Dampak langsung terhadap tarif 32% dari AS ini akan mempengaruhi ekspor produk jadi kita. Karena mayoritas ekspor tekstil ke AS adalah produk jadi, kata Sekretaris Jenderal APSyFI Farhan Aqil Syauqi, kepada www.wmhg.org, Kamis (10/7/2025).
Ia mengungkapkan, penurunan permintaan dari AS akan secara langsung menggerus volume produksi pelaku industri hilir. Maka hal ini akan berdampak pada menyusutnya permintaan bahan baku tekstil dari industri hulu seperti benang dan kain.
Industri tekstil kita sudah terintegrasi sehingga jika ada rantai pasok yang terhambat, pasti akan berpengaruh terhadap kinerja industry hulu juga, ujar dia.
APSyFI mengaku juga mendengar beberapa buyer dengan tujuan AS meminta untuk negosiasi harga kembali. Ada juga yang meminta subsidi. Namun ini terjadi bagi industri yang berorientasi ekspor.

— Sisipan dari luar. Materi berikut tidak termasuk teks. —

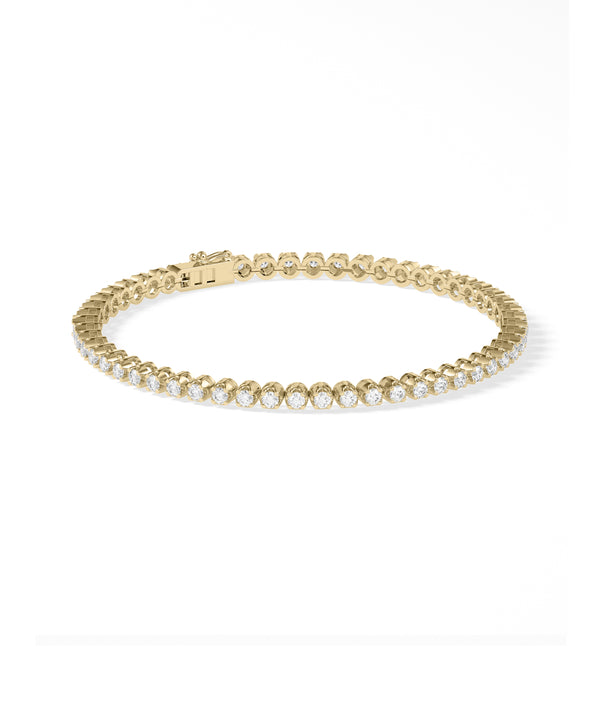 Bezel set diamond tennis bracelet in yellow gold side profile view alternate view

Tentu ini berat bagi mereka disaat kondisi pasar domestik masih dibanjiri produk impor yang murah, ujarnya. Bahkan beberapa bulan yang lalu, pihaknya sudah menyampaikan bahwa permintaan AS itu adalah untuk mengurangi defisit neraca perdagangan, sehingga harus melakukan impor lebih banyak dari AS.